Aconteceu em 2 de março de 2001
Há 18 anos, um país assolado pela miséria, minado pela fanatismo, lacerado pela fome, onde as mulheres foram proibidas de acesso à educação e à saúde, teve de observar os rigorosos preceitos islâmicos e renunciar aos mais elementares direitos, com frequência à própria vida.
Poderia ter acontecido em diversos locais do planeta, mas aconteceu num país com uma cultura antiquíssima cujo poder foi assaltado pelos tristemente célebres estudantes de teologia, vulgo talibãs, quando dois budas gigantes esculpidos em pedra nos séc. II e V foram destruídos com mísseis e espingardas automáticas para não serem adorados falsos ídolos que “insultam o islamismo”. Aconteceu no Afeganistão.
Em todos os tempos e em várias religiões houve bárbaros que entenderam que os livros ou diziam o mesmo que o livro sagrado, e eram inúteis, ou diziam coisas diferentes, e eram prejudiciais.

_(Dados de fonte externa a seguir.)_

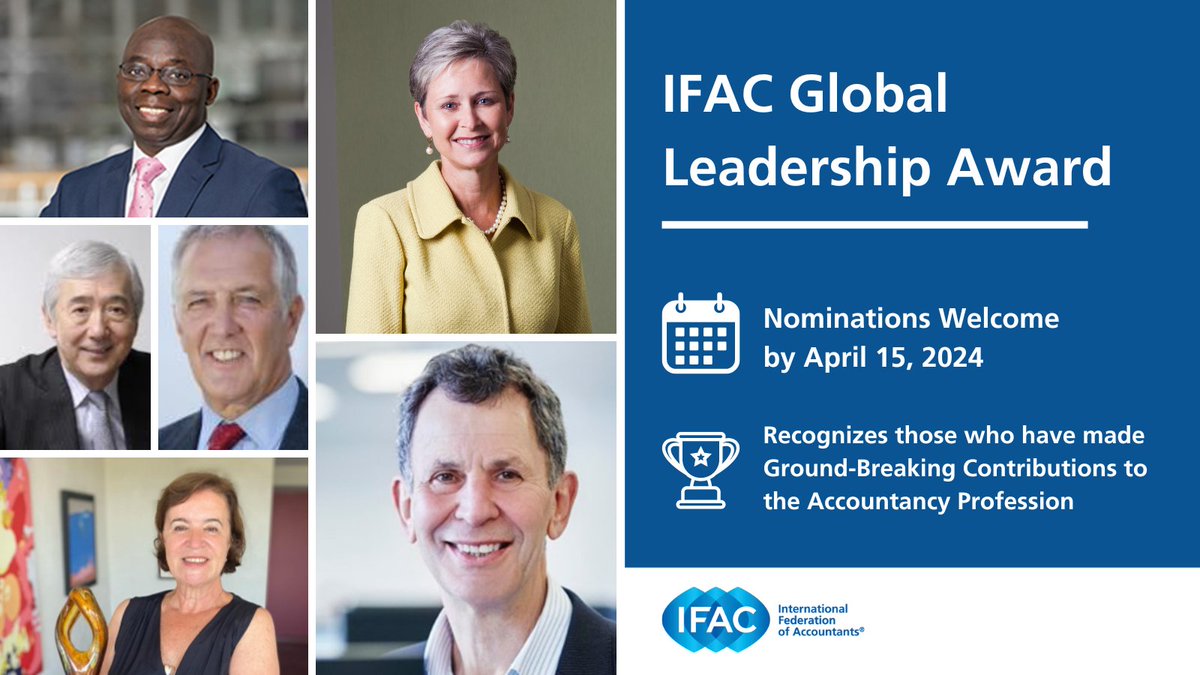 Nominations are open for IFAC’s Global Leadership Award. The Award recognizes changemakers who have made global, ground-breaking contributions to the accountancy profession. IFAC Members are invited to submit nominations at forms.ifac.org/230865758048063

A inteligência, a sensatez e a sensibilidade não são apanágio de uma só cultura, mas são contrárias à mais funesta de todas as misturas: a fé, a ignorância e o proselitismo. É esta mistura perversa que faz a infelicidade dos povos, a miséria das nações e a tragédia das sociedades que se desfazem em asfixiante submissão.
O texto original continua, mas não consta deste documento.